• **WHAT THE EXERCISE ASKS**: Print the listing below only from the line that has "美洲杯帆船赛视频曝光赛场对决细节 展现高速竞逐与战术变化" through the line that has "深入解析VPN脸谱下载背后的网络安全风险与合法使用指南", exactly, and drop any picture.

• **SOURCE DATA**:
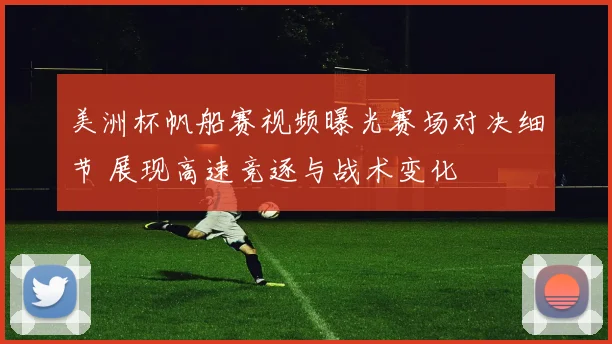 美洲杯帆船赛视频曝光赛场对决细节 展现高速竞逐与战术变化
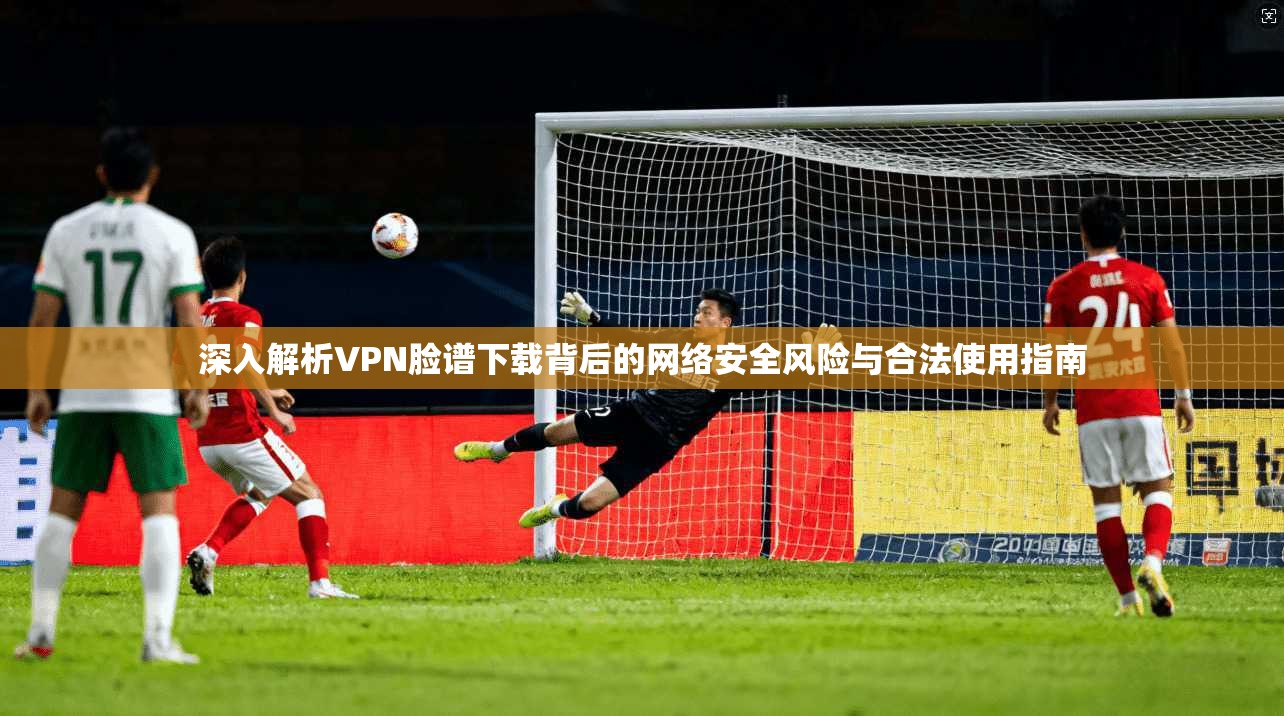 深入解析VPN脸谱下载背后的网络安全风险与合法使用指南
---
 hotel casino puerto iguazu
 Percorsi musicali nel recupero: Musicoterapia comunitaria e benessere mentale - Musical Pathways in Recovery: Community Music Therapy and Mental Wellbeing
--
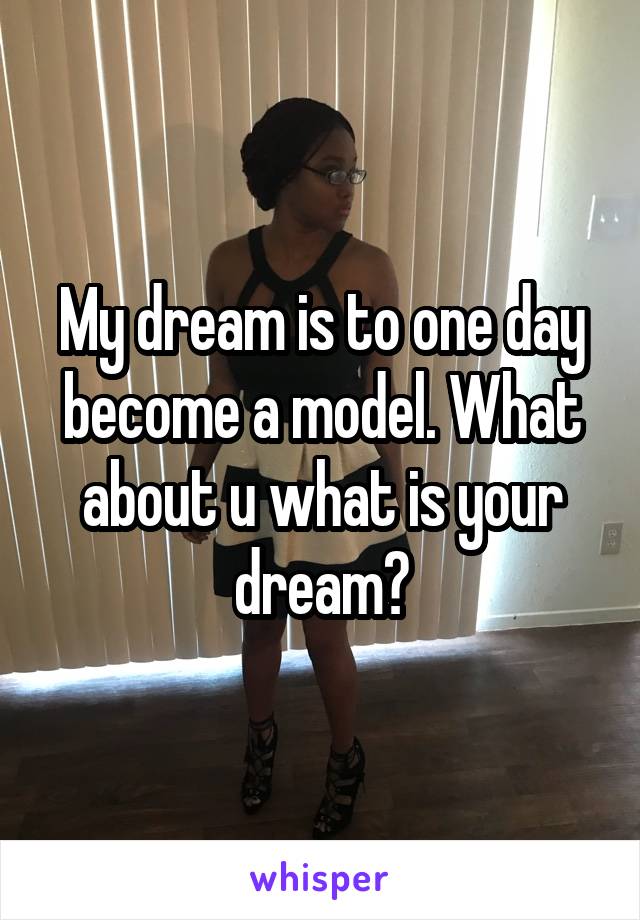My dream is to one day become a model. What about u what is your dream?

• **RESPONSE TO THE EXERCISE**:
 美洲杯帆船赛视频曝光赛场对决细节 展现高速竞逐与战术变化
 深入解析VPN脸谱下载背后的网络安全风险与合法使用指南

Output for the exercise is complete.